The Hoover Institution enjoys a “hazy, quasi-independent status” within the University, The Daily noted, which, among other things, allows the Institution’s director to report directly to the Stanford President (instead of to the Provost, as is the norm for academic department heads) and gives the Institution freedom to control its own funding. Hoover’s hiring and firing practices are also not subject to nearly the same administrative oversight and rigorous appointment process as academic departments. As was typical in the 1960s, faculty complaints about Hoover generally revolved around this unique position the Institution holds at Stanford, which critics argued was inappropriately exploited by the think tank for partisan interests. In a 1983 letter to his department, then–English professor Ronald Rebholz asserted that the Hoover Institution “uses its relationship with the University and many of its faculty to enhance its prestige and respectability and thereby make its political advocacy more effective.”

The concern gained traction, and a faculty petition calling for the Board of Trustees to investigate Hoover’s alleged partisanship landed on the floor of the Academic Senate in 1983. Spearheaded by Manley and Rebholz, the petition claimed that “the existence of a partisan organization, whether liberal or conservative, within the University raises grave questions concerning academic independence,” and that “the legitimacy and influence of Hoover Institution and the causes for which it stands are immeasurably enhanced by sharing in the prestige of a great University”—almost echoing the Academic Council’s 1960 petition word for word.

This 1983 petition, which garnered eighty-four signatures, called Hoover a “two-tiered” institution with an “inner core” of conservative research fellows and an “outer ring” of senior fellows, largely populated by Stanford professors and courtesy appointments, who “add to Hoover’s prestige.”

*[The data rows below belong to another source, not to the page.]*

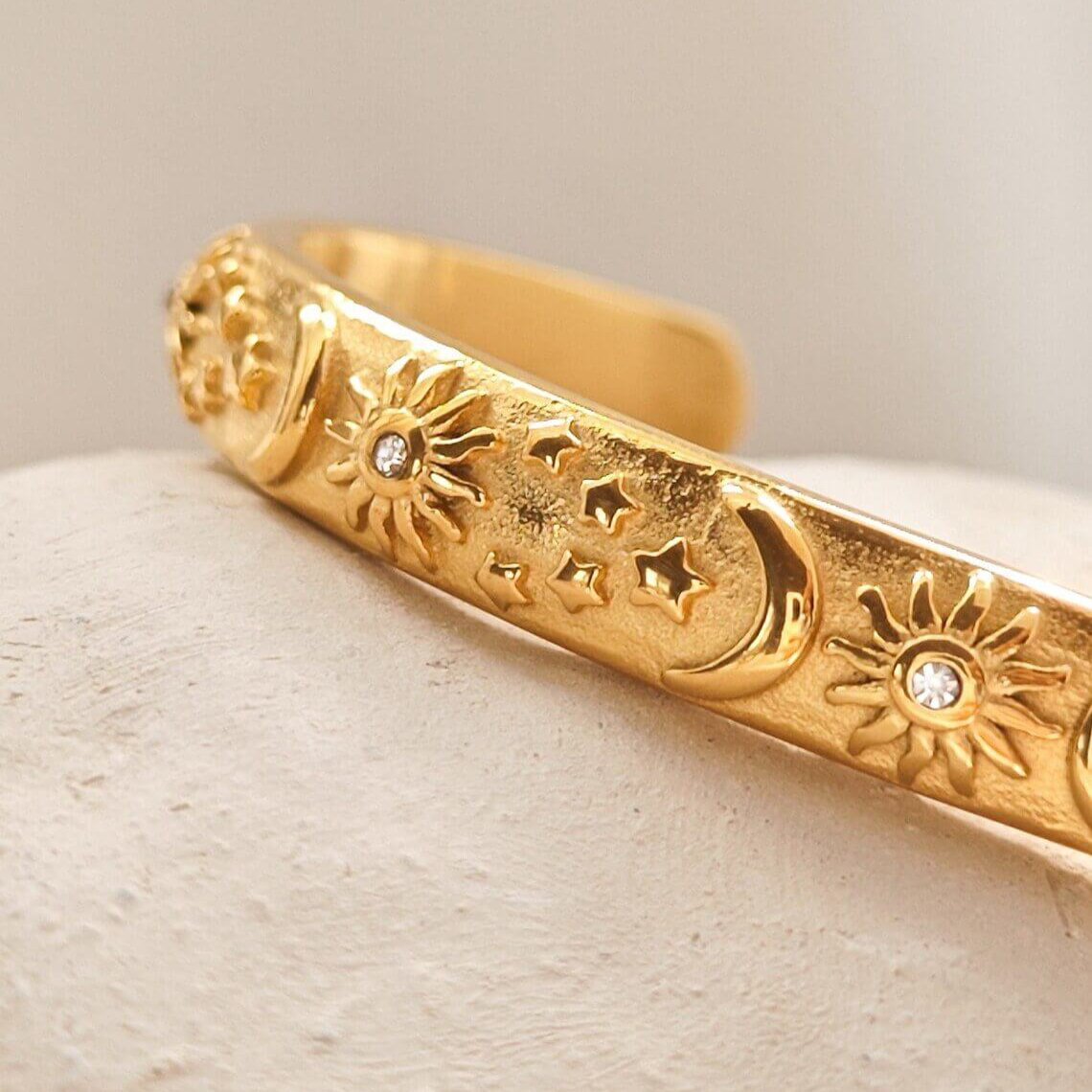 Celeste Sun and Moon with Crystals of Cubic Zirconia Bangle | Vallria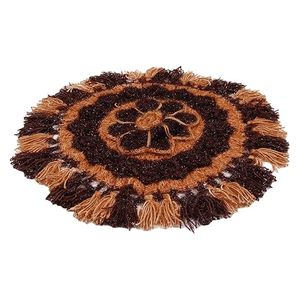 Taille et design personnalisés, tapis et coussinets rustiques modernes en macramé avec boucles tressées et aspect confortable - Product Image 1
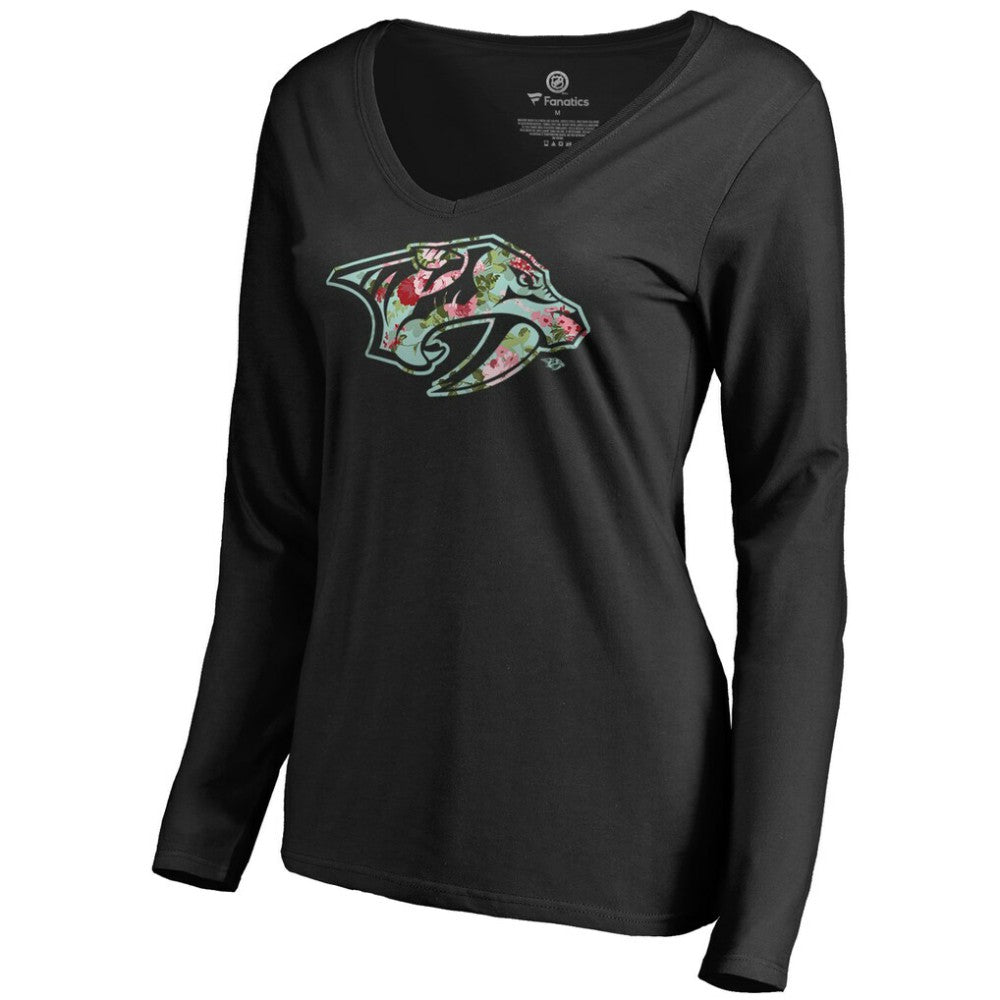 Nashville Predators - Women's Lovely Long Sleeve V-Neck T-Shirt Black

Critics specifically pointed to the rise in joint appointments of faculty members to fellowship positions at the Institution as a conscious effort to diversify Hoover and improve its reputation. An anonymous Stanford professor who held a joint appointment in the 1970s told The Daily that Hoover had been a “paranoid institution” while he worked there, as he was afraid of increased constraints from the University. “Hoover is trying to buy respectability,” the professor said, “but the price they have to pay is greater diversity.”

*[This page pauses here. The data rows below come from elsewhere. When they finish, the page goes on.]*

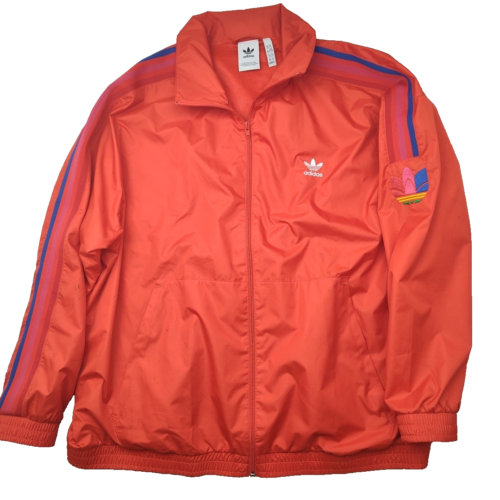 Adidas Original Men 2XL XXL Red 3D Trefoil Woven Track Jacket Windbreaker GE6248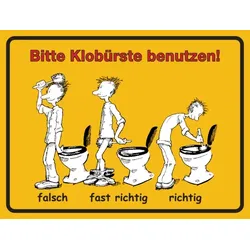 WC-Kennzeichnung Bitte Klobürste benutzen - 200x150x0.45 mm Aluminium geprägt
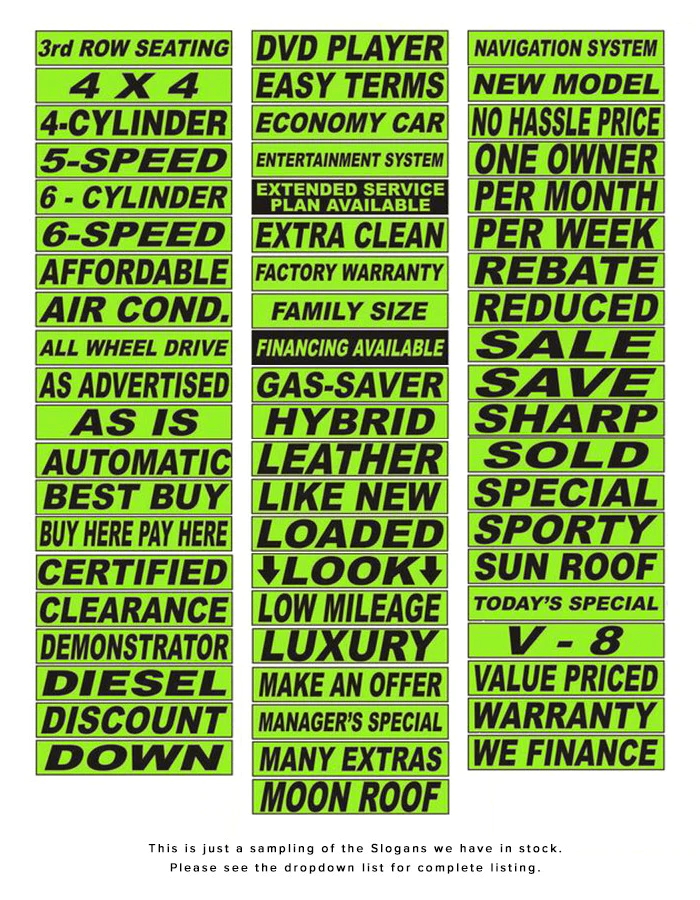 Shadow Slogan Decals (Set 1) - Black/Fluorescent Green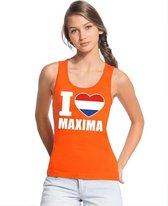 Oranje I love Maxima tanktop shirt/ singlet dames - Oranje Koningsdag/ Holland supporter kleding L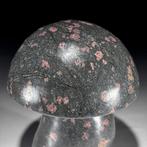 Sculpture de champignon en zoïsite de rubis sculptée à la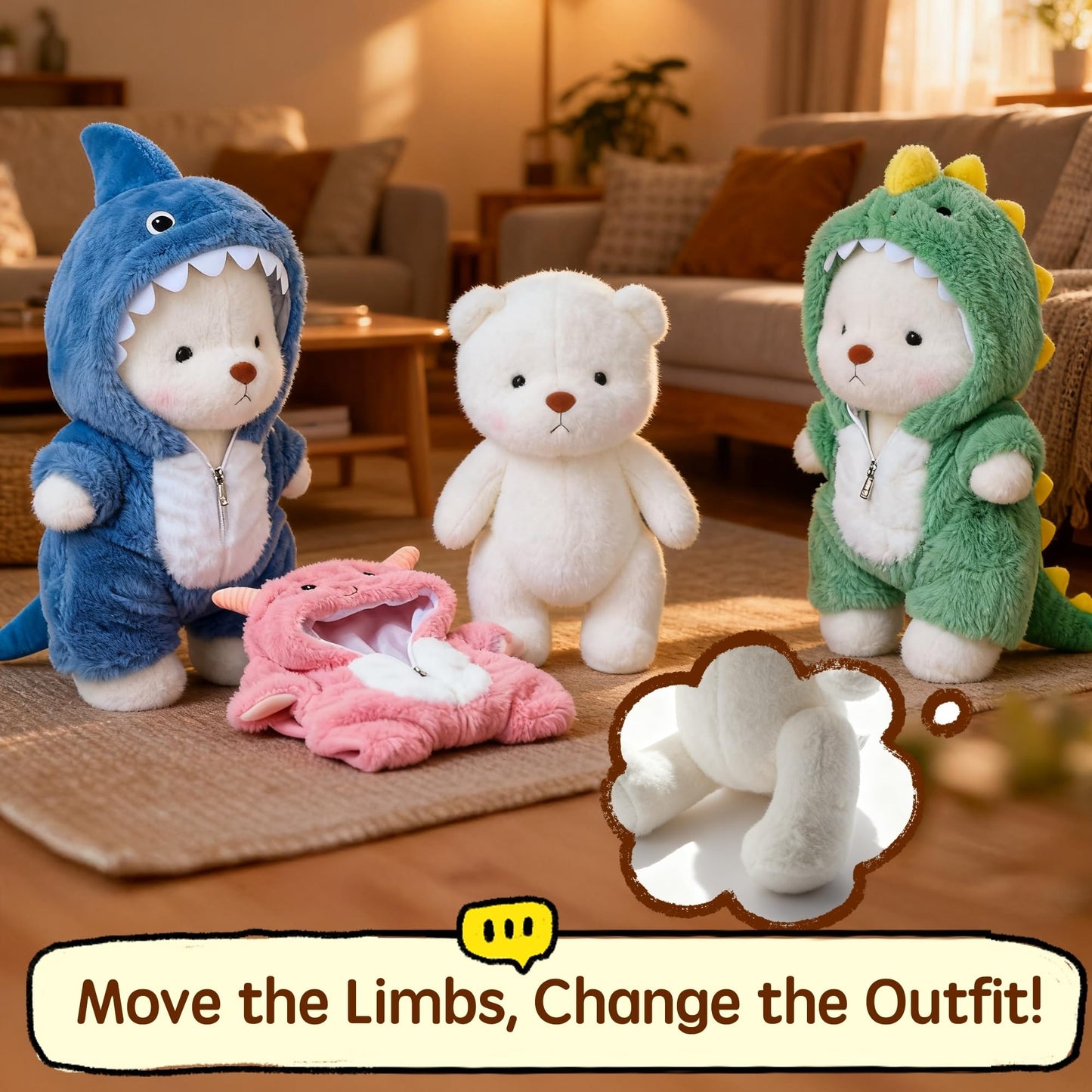 Teddy Bear Stuffed Animals, Teddy Bear Plushies Soft Funny Stuffed Toys with Removable Blue Shark Clothes, 13'' Emotional Support Cute Plush Figure Toys with Movable Legs for Toodlers Kids Women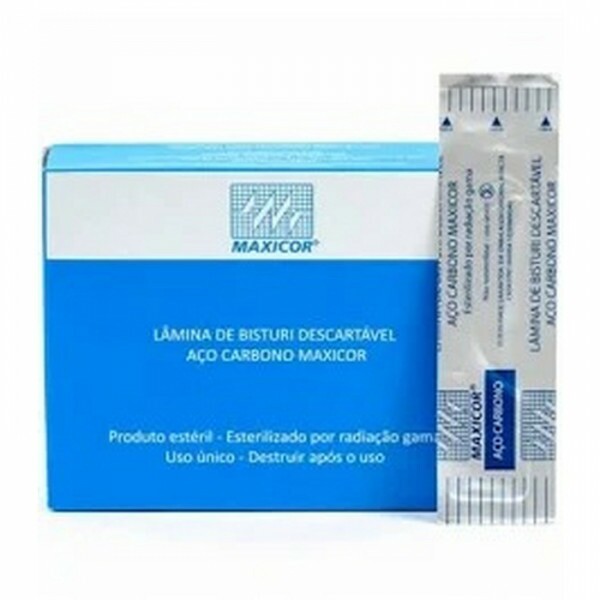 LAMINA DE BISTURI DESCARTAVEL ACO CARBONO CX C/100 - MAXICOR N.12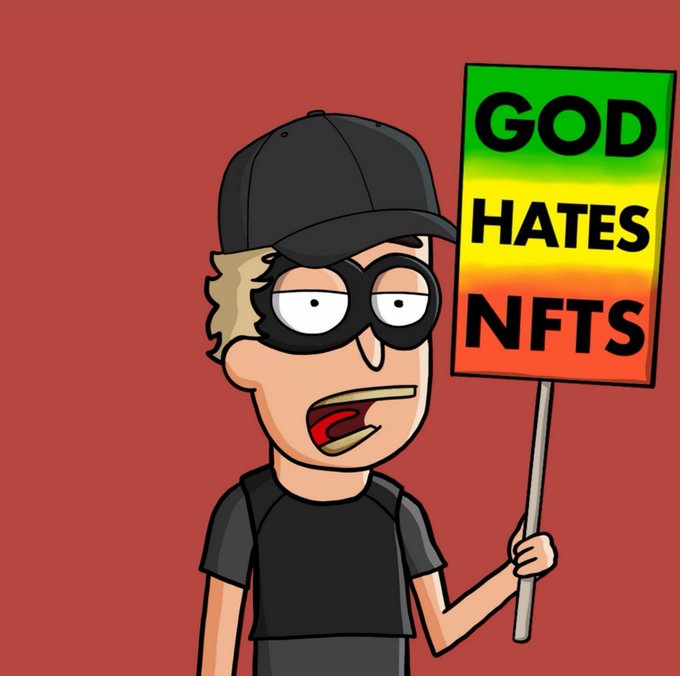 A cartoon character wearing a baseball cap and glasses holds a rainbow-colored sign reading "GOD HATES NFTS".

Alexander Dallin, then a professor of history at Stanford and a former senior Hoover fellow, told The Daily that some faculty believed they could influence Hoover by getting tenured professors appointed as fellows. “I have come to believe that will not work; you’ll never change the inner sanctum of conservative fellows at Hoover,” Dallin said.

The faculty petition was followed by a student petition, signed by over 1,500 members of the Stanford community, which also called for a Board of Trustees inquiry into the Hoover Institution.

The Hoover Institution continued to deny allegations of partisan bias. John Moore, then the associate director of the Institution, told The Daily that Hoover’s “range of views is better-balanced than the rest of the University.” Several Hoover fellows circulated a letter that claimed “greed, envy, and political partisanship” motivated the criticism.

Tensions worsened as the administration and Hoover discussed bringing the Reagan presidential library and an associated center for public affairs to Stanford, a project that appears to have originated in a 1981 memo Campbell wrote inviting Reagan to “have [his]Presidential Library on the Stanford campus,” a request which the administration later publicly endorsed. While the Stanford community grappled with the academic value of possessing Reagan’s presidential papers versus the partisan implications of becoming further tied to a politically divisive conservative figure who had never been a student or professor on campus, some began to jokingly refer to Stanford as Ronald Reagan University. In the 1986 Hoover annual report, Campbell wrote that the University could “boast” of its “Reagan connection,” which the Faculty Senate unanimously criticized. After several years of false starts and controversy, during which the University determined it would accept a Reagan library but not a public affairs center, the Reagan Presidential Foundation ultimately withdrew its interest in Stanford’s campus. But it remained evident that the Hoover Institution, whose tower is the defining landmark on campus, had the power to dramatically and even physically shape Stanford in its interest and its image.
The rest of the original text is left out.